Directions for this task -
From top to bottom, write out the listing exactly and skip every picture.

Material provided -
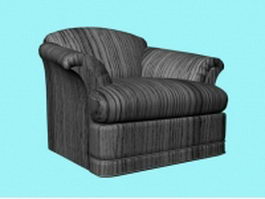 Dark striped sofa chair 3d model preview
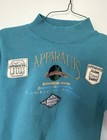 Vintage 90s Kids Apparatus Sweatshirt Size 7 Teal Graphic Travel Pullover Retro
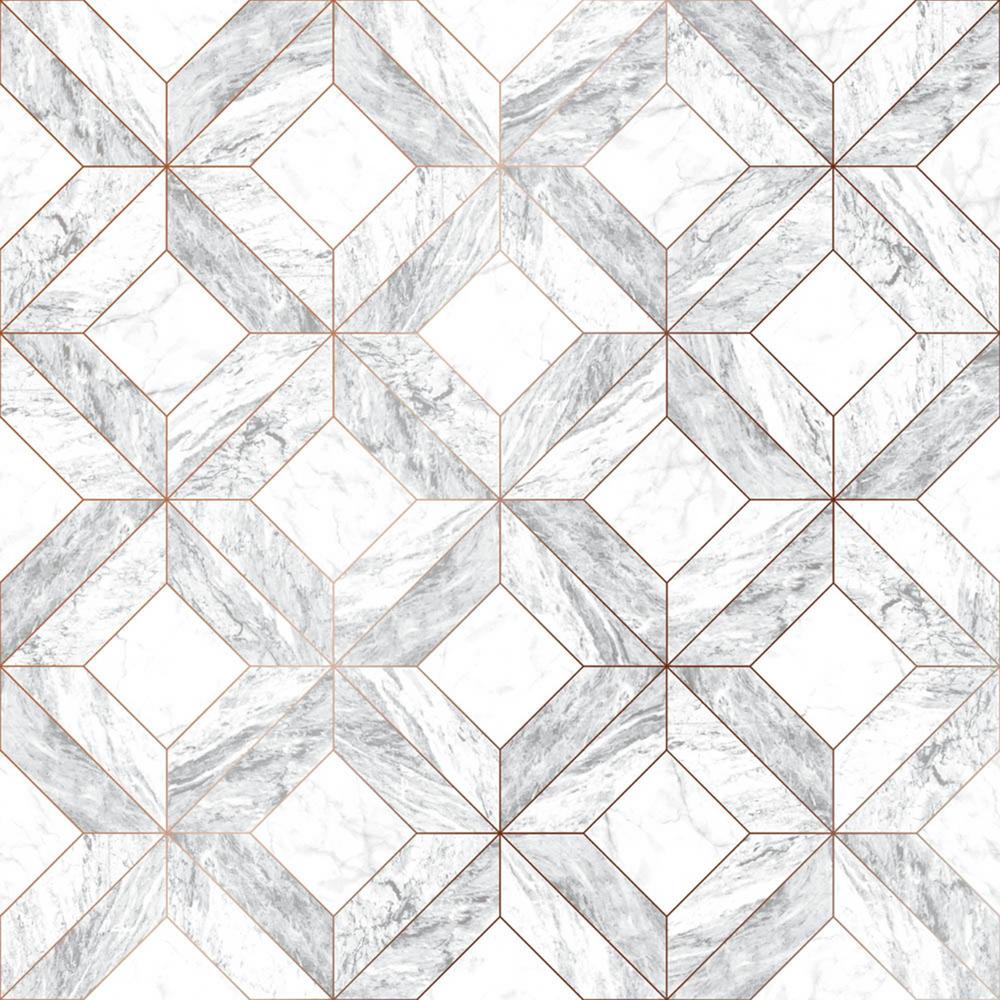 Brown Marble Marquetry White, Gray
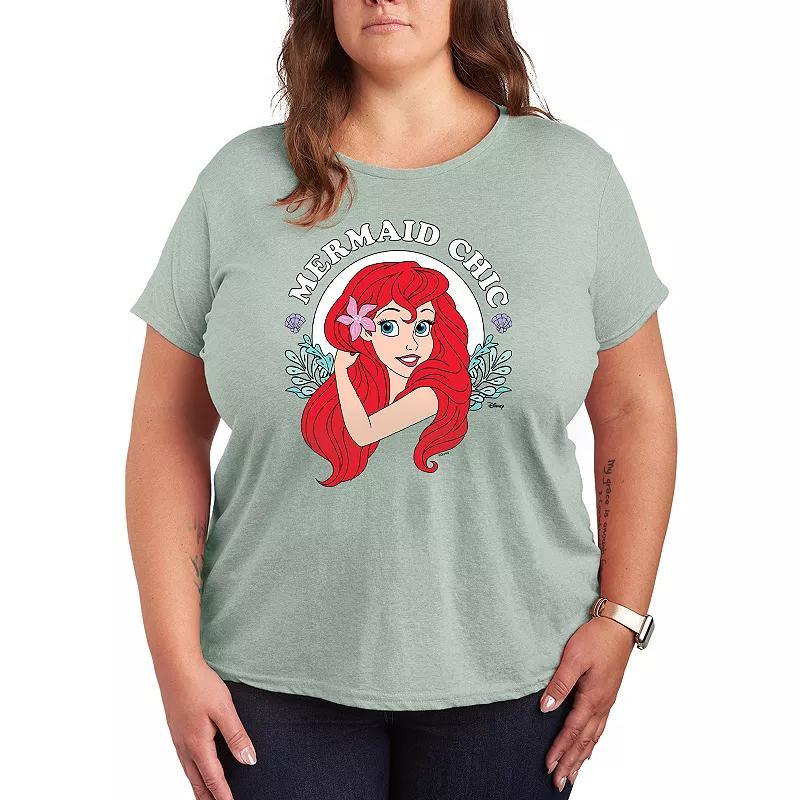 Disney Princess Ariel Plus Mermaid Chic Graphic Tee, Women's,  Product Image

Written solution -
 Dark striped sofa chair 3d model preview
 Vintage 90s Kids Apparatus Sweatshirt Size 7 Teal Graphic Travel Pullover Retro
 Brown Marble Marquetry White, Gray
 Disney Princess Ariel Plus Mermaid Chic Graphic Tee, Women's,  Product Image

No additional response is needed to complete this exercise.